TO DO:
Reproduce precisely the lines of the material below from the line containing "Daire (Matchplay - RESORT" up to and including its last line. Pictures must not be copied.
___ SOURCE INFORMATION ___
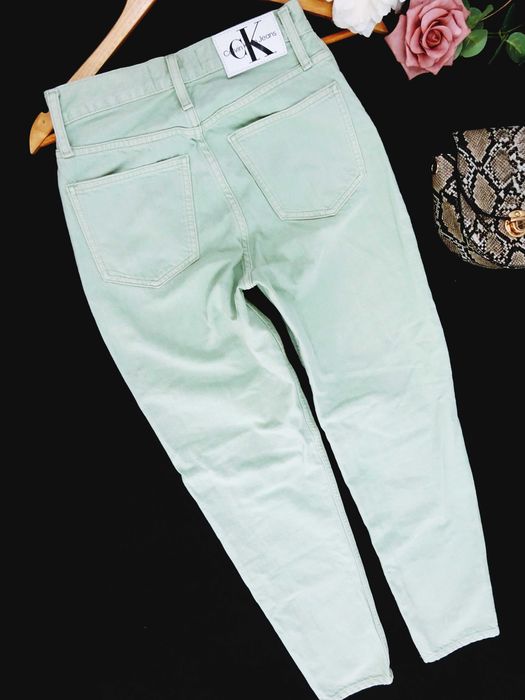 F72 miętowe jeansy damskie Calvin Klein mom fit dzinsy wysokie XS 34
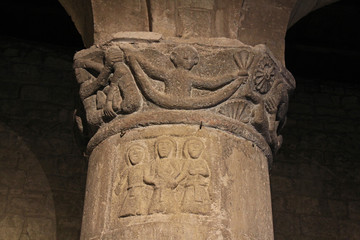 capitello figurato con sirena; chiesa romanica di San Giorgio a Vigoleno (Piacenza)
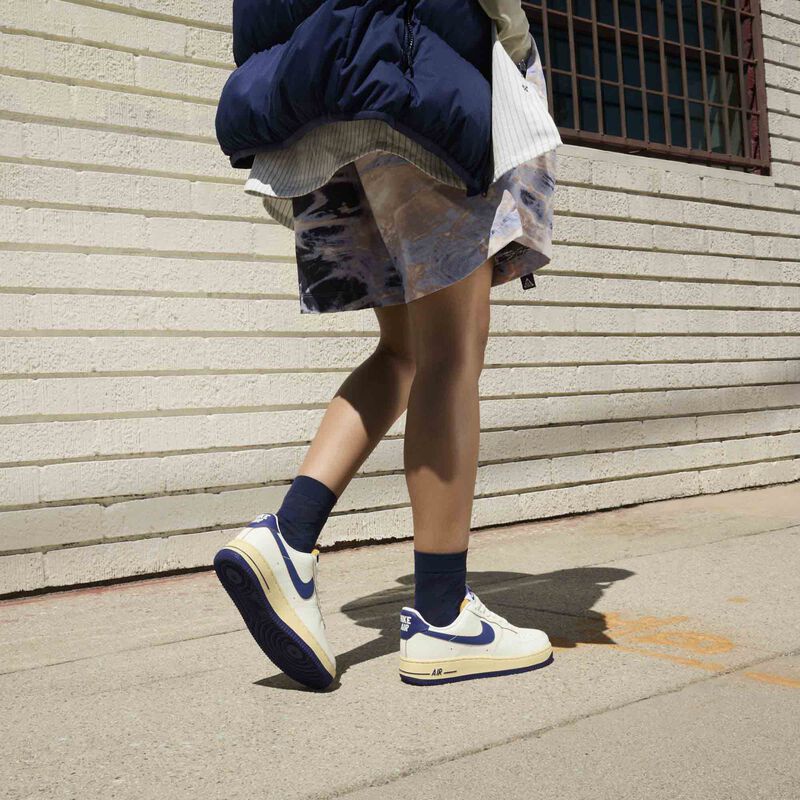 Nike Air Force 1 '07, Vela/Vainilla pálido/Gamuza dorado/Azul royal intenso, hi-res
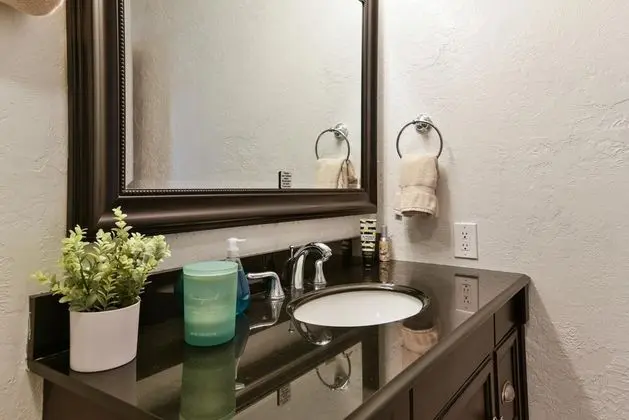 Daire (Matchplay - RESORT AMENITIES W/ INDOO)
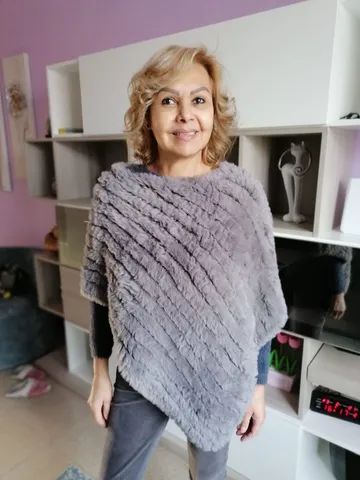 Poncho feminino modelo com bico cavado em lâ e pelo muito macio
___
ANSWER TO THIS TASK:
 Daire (Matchplay - RESORT AMENITIES W/ INDOO)
 Poncho feminino modelo com bico cavado em lâ e pelo muito macio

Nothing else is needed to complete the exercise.